# [DATA SUPPLIED]
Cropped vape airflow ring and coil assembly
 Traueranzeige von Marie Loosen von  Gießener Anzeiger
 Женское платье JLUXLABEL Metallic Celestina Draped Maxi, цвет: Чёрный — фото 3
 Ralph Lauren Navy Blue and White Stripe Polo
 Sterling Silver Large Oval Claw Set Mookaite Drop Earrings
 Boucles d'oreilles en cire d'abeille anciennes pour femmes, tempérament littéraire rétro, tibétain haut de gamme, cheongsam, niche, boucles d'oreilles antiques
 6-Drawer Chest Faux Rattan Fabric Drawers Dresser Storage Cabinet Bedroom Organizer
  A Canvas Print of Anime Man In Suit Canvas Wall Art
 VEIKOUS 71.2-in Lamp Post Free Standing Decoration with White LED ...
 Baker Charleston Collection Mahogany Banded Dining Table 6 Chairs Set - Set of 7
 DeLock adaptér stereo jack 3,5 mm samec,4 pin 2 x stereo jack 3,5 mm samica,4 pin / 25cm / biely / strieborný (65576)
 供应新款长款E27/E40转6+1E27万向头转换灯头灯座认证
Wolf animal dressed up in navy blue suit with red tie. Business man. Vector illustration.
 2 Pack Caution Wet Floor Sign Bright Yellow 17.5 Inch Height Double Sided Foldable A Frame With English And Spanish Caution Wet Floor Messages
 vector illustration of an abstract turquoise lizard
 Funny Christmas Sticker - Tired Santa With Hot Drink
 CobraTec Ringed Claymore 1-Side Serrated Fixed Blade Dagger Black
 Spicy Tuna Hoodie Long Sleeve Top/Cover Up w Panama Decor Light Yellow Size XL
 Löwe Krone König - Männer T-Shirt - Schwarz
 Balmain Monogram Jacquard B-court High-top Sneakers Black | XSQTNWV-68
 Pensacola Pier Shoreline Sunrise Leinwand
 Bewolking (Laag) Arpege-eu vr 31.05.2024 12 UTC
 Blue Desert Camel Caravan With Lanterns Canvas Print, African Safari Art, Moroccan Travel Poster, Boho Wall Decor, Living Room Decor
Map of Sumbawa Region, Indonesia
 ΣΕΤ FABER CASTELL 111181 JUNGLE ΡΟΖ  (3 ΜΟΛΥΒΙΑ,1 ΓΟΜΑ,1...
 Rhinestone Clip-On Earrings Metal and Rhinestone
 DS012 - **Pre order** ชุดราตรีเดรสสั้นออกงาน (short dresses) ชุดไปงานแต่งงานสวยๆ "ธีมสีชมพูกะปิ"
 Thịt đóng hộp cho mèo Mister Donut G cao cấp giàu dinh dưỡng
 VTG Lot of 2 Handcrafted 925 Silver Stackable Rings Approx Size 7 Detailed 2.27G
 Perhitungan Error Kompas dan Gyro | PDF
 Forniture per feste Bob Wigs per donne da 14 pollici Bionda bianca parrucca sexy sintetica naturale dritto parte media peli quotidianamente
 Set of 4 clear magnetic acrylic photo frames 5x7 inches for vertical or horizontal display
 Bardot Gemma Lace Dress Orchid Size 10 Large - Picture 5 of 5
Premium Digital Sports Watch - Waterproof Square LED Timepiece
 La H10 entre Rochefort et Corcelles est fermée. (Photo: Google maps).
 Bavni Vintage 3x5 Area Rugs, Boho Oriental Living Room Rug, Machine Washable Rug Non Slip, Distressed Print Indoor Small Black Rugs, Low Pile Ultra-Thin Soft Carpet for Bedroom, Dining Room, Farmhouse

# [THE TASK]
Find the lines in the records that contain the word "Earrings", then copy every one of them.

# [EXERCISE RESPONSE]
 Sterling Silver Large Oval Claw Set Mookaite Drop Earrings
 Rhinestone Clip-On Earrings Metal and Rhinestone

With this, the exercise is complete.